From my hands I could give you, something that I made.

 Thou and no other.

His graces words in the carriage the other day, lent to me a thoughful mind when he dropped me off at my house after the incident at the garden of the palace.

I came into Naamah's service in the arms of two, and finished my marque, in her honour in the arms of two. An oddity I would think for one of my house now that I look back on it.

Thou and no other we say. When you cross our steps and enter into the house that love built we are there for the patron. Love and devotion. I have never found it hard to love anyone. Even those that I dislike. For everyone is worthy of love and deserves it. Sometimes, a patron will ask for two of our number when they come to taste Naamah's love. Easy enough, for it is the patron that we are there to please, and to love them.

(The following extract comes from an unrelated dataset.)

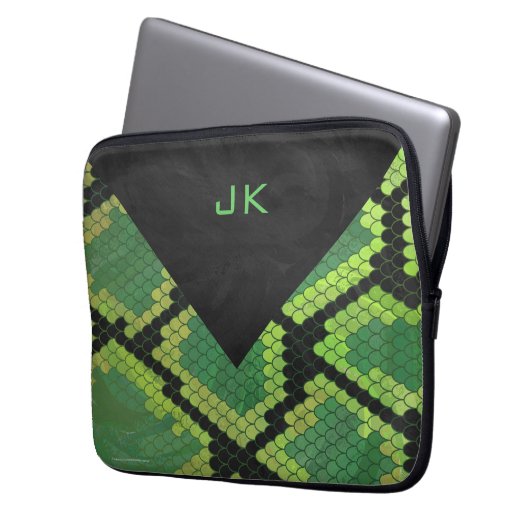 Monogram Snake Green und Black Laptopschutzhülle (Vorderseite Links)
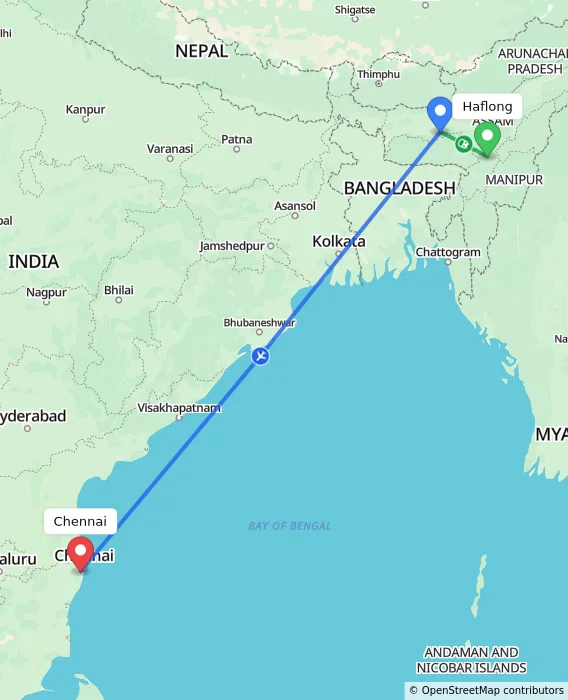Route map showing distance and travel time from Haflong, India to Chennai, India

But what happens when it is the other way around. When it becomes 'Thou... and one other' So used to focusing upon the needs of one, that when there are two, it becomes confusing. No, not confusing, for I have done such in the past. But difficult. This is no other of my house working with me in tandem to bring pleasure to one. It is three, working as one, to bring pleasure to all. There is the need in me to please one, then the other, and back and forth because I find it easier than to let myself go, or to try and please both.

Have I, as a courtesan become incapable of .. taking pleasure for myself, or of pleasing others not in her name? Of letting myself think of my own pleasure first before anothers?

What of when I do something, in the name of love for another, that I believe they would ask of me. Is there a line that must be drawn?

Though and no other... Thou and one other.

Can the heart truly love.. more than one at the same time? Or do I just... hope so? Am I truly loved, as I imagine I am, as I wish to be? Or am I just imagining such and content to take my small little piece.

Am I doing this because I think it will please him? Or because I want to do it?